> LISTED RECORDS
Segment Open

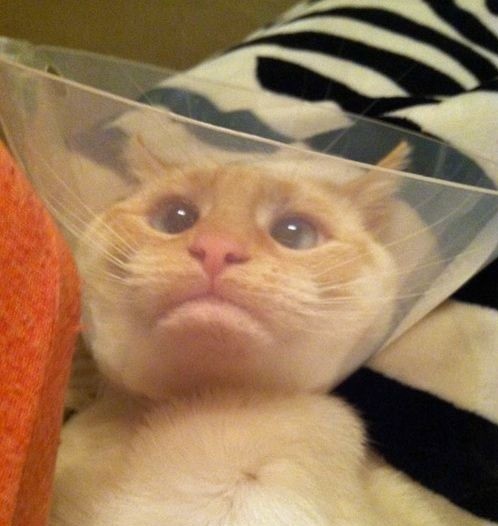 Pets Humiliated by the Cone Of Shame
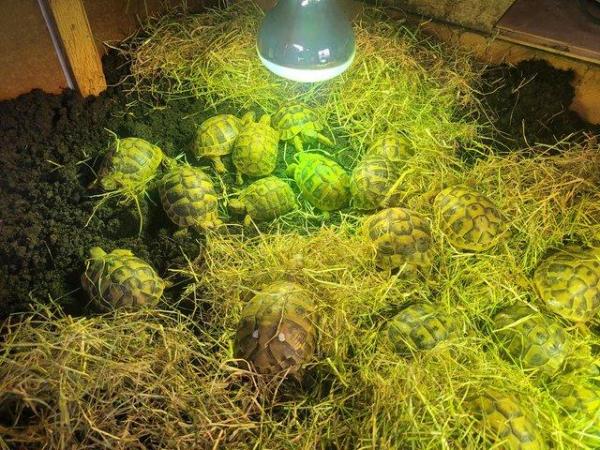 Image 2 of Testudo Hermanni tortoises for sale ,all doing brilliant,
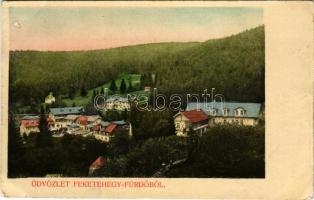 1909 Feketehegy-fürdő, Feketehegy, Schwartzenberg, Cernohorské kúpele (Merény, Vondrisel, Nálepkovo); látkép, villák / general view, villas (EB)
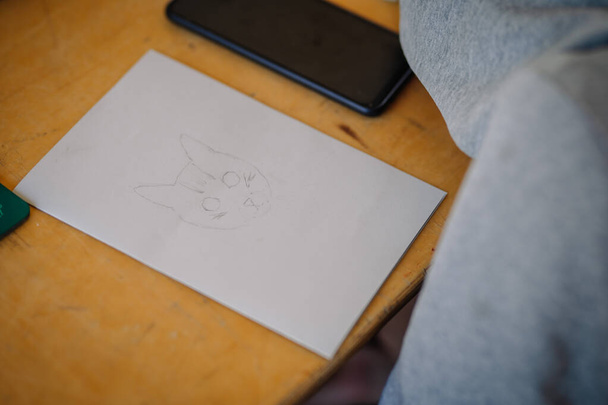 Девушка нарисовала кошачью голову на белой бумаге - Фото, изображение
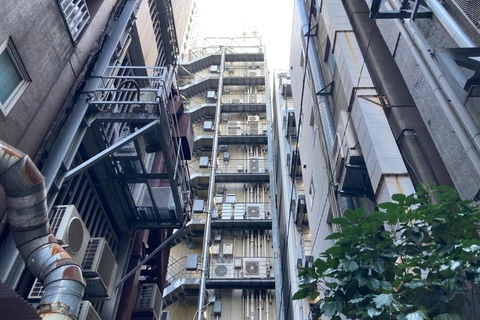 Tokyo : Visite à pied des ruelles profondes de Ginza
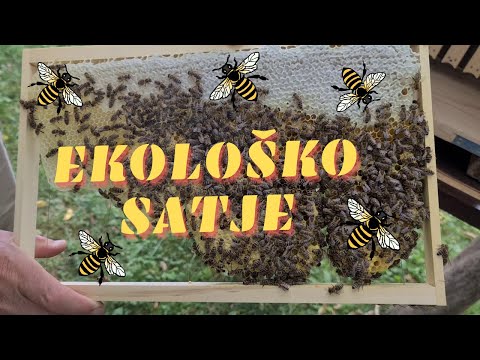 Video: Kako čebele Izdelujejo Vosek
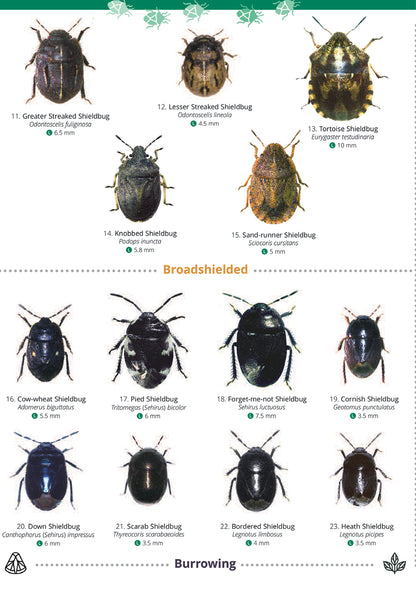 Shieldbugs Guide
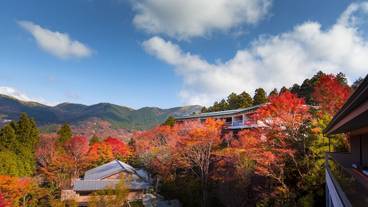 マウンテン ビュー / 9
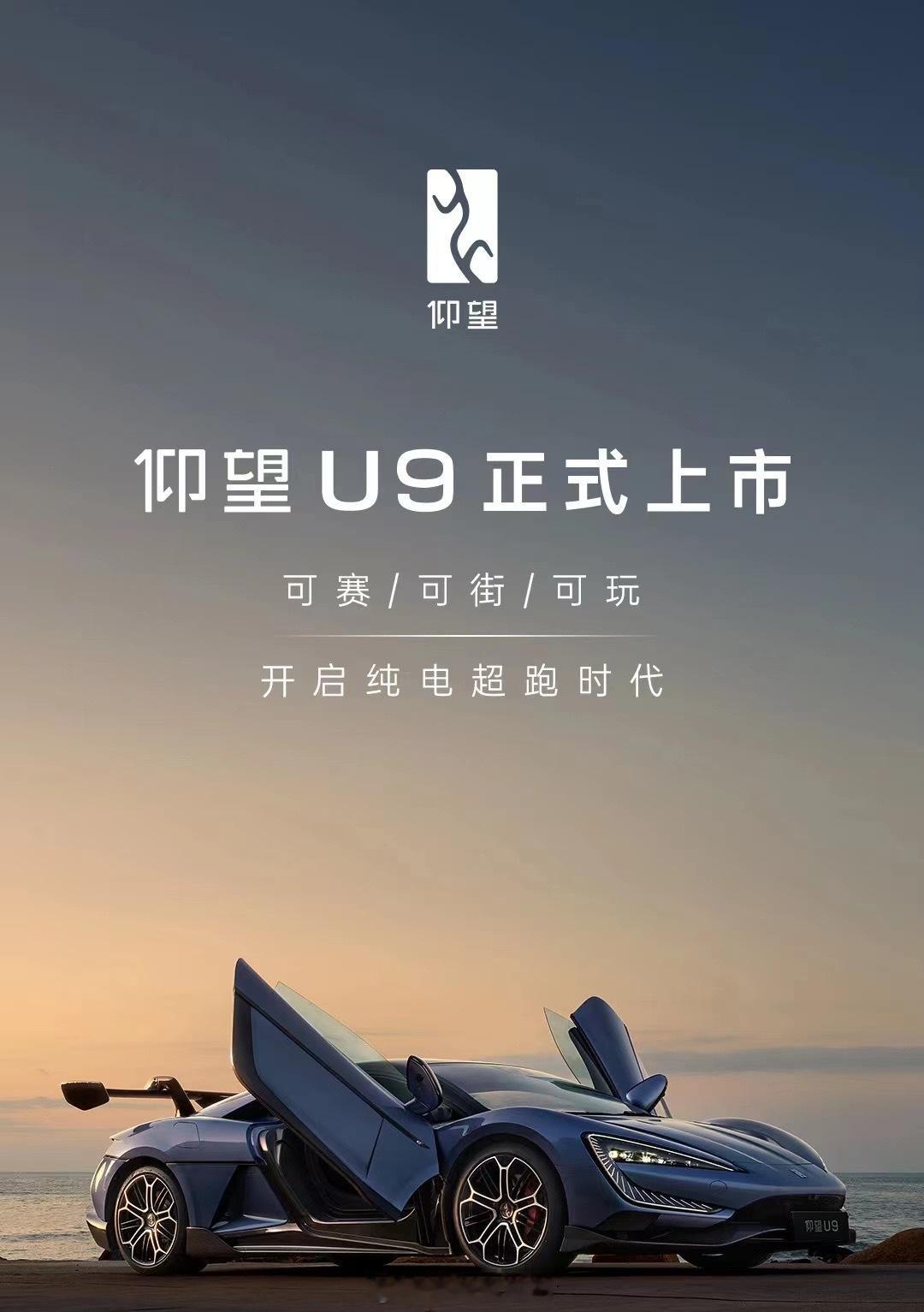 “以前的我你爱答不理，现在的我你高攀不起”仰望U9深度诠释[微笑]#仰望u9上市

Segment Closed

> YOUR GOAL
Locate "マウンテン ビュー / 9" in the listing above, then print exactly the lines from that line through the final one, omitting all pictures.

> YOUR SOLUTION
 マウンテン ビュー / 9
 “以前的我你爱答不理，现在的我你高攀不起”仰望U9深度诠释[微笑]#仰望u9上市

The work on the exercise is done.